Task data
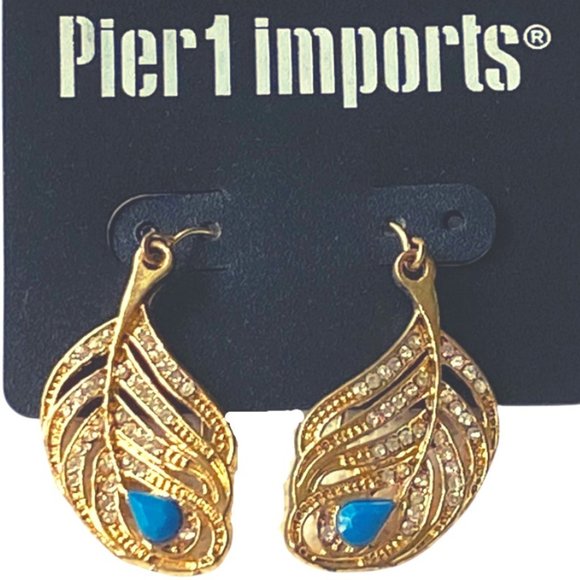 Pier 1  Gold Crystal Blue Earrings - Picture 1 of 8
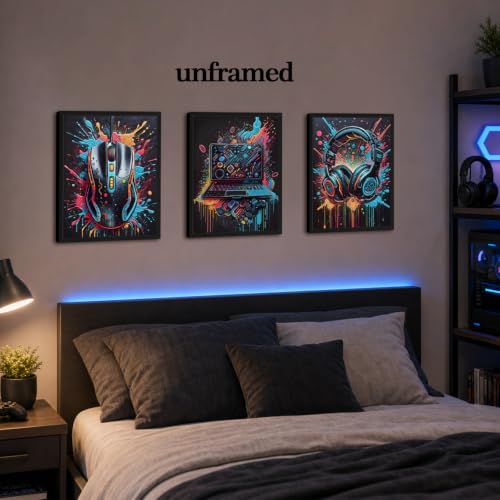 SHRNGCK Game Room Posters Set of 6 Retro Video Game Setup Wall Art Neon Gaming Gamepad Canvas Painting Prints for Teen Boys Room Bedroom 12x16 Unframed - color: Game, size: 16"L x 12"W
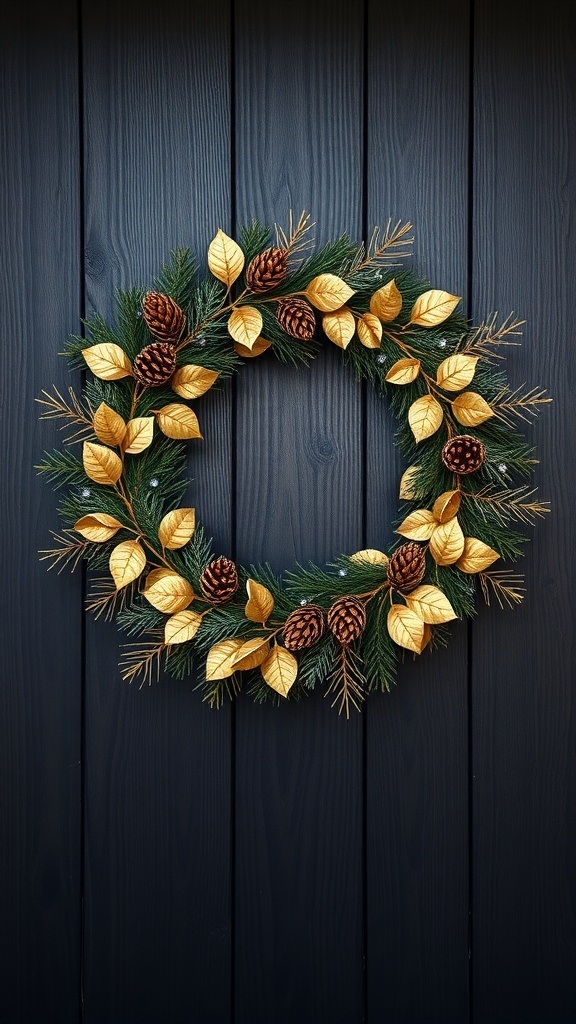 A fall wreath featuring gilded leaves and pinecones against a dark wooden background.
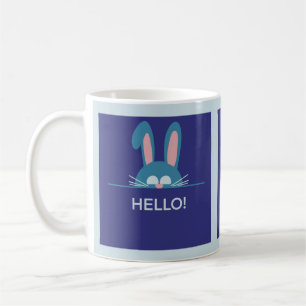 Hello blue Easter Bunny Coffee Mug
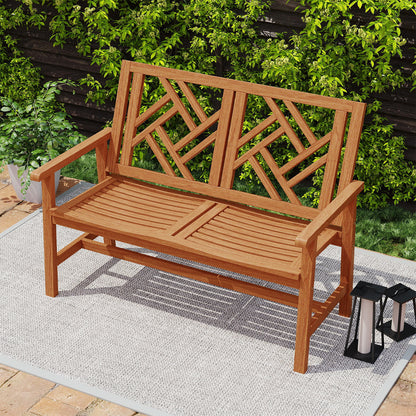 Outdoor Bench Wood 2-Person Patio Loveseat Chair with Geometric Backrest, Natural Outdoor Benches at Gallery Canada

Task description
Please give the data again unaltered, leaving out any images.

Solution below
 Pier 1  Gold Crystal Blue Earrings - Picture 1 of 8
 SHRNGCK Game Room Posters Set of 6 Retro Video Game Setup Wall Art Neon Gaming Gamepad Canvas Painting Prints for Teen Boys Room Bedroom 12x16 Unframed - color: Game, size: 16"L x 12"W
 A fall wreath featuring gilded leaves and pinecones against a dark wooden background.
 Hello blue Easter Bunny Coffee Mug
 Outdoor Bench Wood 2-Person Patio Loveseat Chair with Geometric Backrest, Natural Outdoor Benches at Gallery Canada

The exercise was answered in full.